Penilaian S&P ke Danantara
Sebelumnya, lembaga pemeringkat S&P Global Ratings memberikan peringkat BBB/A-2 dengan outlook atau prospek stabil untuk Danantara Investment Management (DIM), entitas anak Badan Pengelola Investasi Daya Anagata Nusantara (BPI Danantara).
“Kami percaya Danantara Investment Management memainkan peran penting dalam prioritas pembangunan Indonesia, termasuk meningkatkan nilai jangka panjang aset pemerintah dan mendukung investasi pemerintah dalam proyek-proyek strategis,” demikian dikutip dari laporan S&P Global Ratings.
S&P menilai, DIM memiliki hubungan integral dengan pemerintah Indonesia mengingat perusahaan ini merupakan anak perusahaan yang sepenuhnya dimiliki BPI Danantara.
“Kami memberikan peringkat kredit jangka panjang BBB dan jangka pendek A-2 kepada PT Danantara Investment Management,” demikian seperti dikutip.

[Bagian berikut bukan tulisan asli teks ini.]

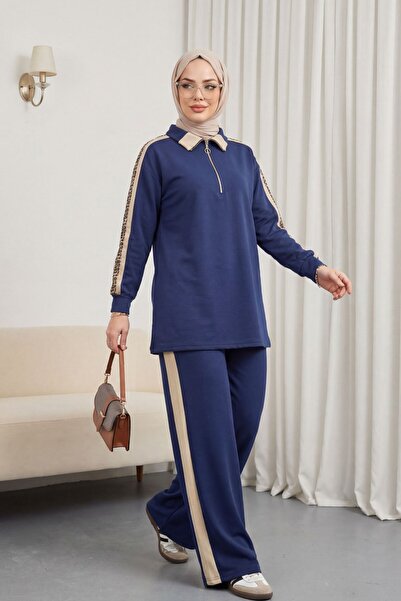 Modamorfo Σετ από χτενισμένο βαμβάκι με γιακά, μισό φερμουάρ και σχέδια στα π...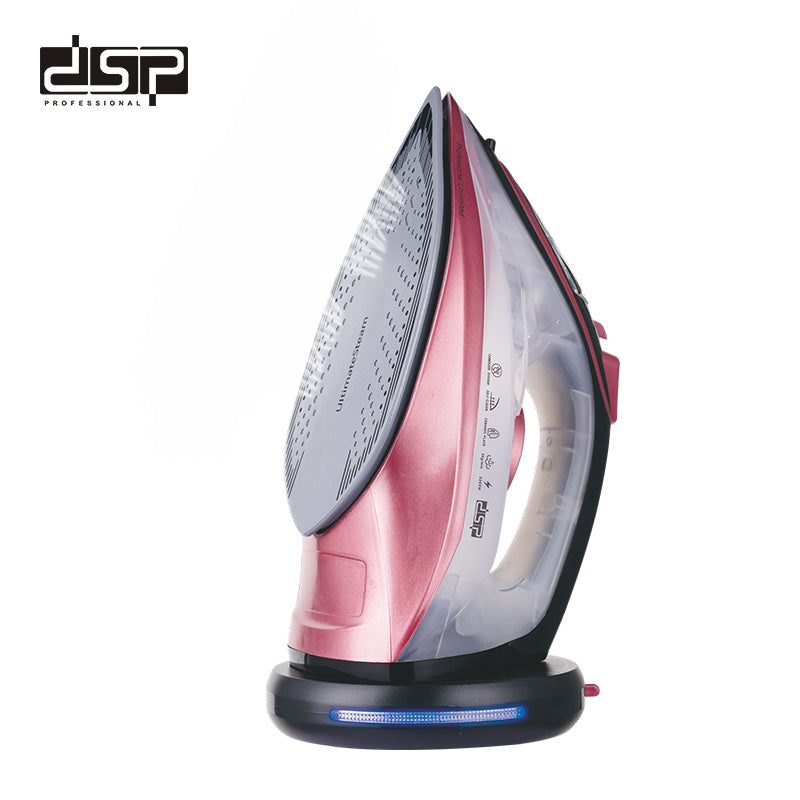 DSP Steam Iron for Clothes, 2200W Fast Heating with Retractable Cord, Ceramic Soleplate, Burst of Steam & Variable Control, Self-Cleaning, 220ml Water Tank - Perfect for Home Use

Peringkat BBB dalam S&P Global Ratings termasuk layak investasi. Adapun prospek yang diberikan stabil mencerminkan prospek Indonesia.
Skenario Terburuk
"Kami dapat menurunkan peringkat DIM jika kami mengambil tindakan serupa terhadap pemerintah. Kami juga dapat mengambil tindakan penurunan peringkat jika kami melihat melemahnya dukungan pemerintah untuk perusahaan,” demikian seperti dikutip.
Skenario Terbaik
S&P Global Ratings juga dapat menaikkan peringkat DIM jika lembaga pemeringkat global itu juga melakukan hal yang sama terhadap pemerintah.
Alasan
“Peringkat kami pada DIM mencerminkan pandangan kami tentang kemungkinan yang hampir pasti, pemerintah Indonesia akan memberikan dukungan luar biasa yang tepat waktu dan memadai kepada perusahaan pada saat dibutuhkan,”
“Oleh karena itu, kami menyamakan peringkat kami kepada DIM dengan peringkat kredit pemerintah Indonesia (BBB/stabil/A-),” demikian seperti dikutip.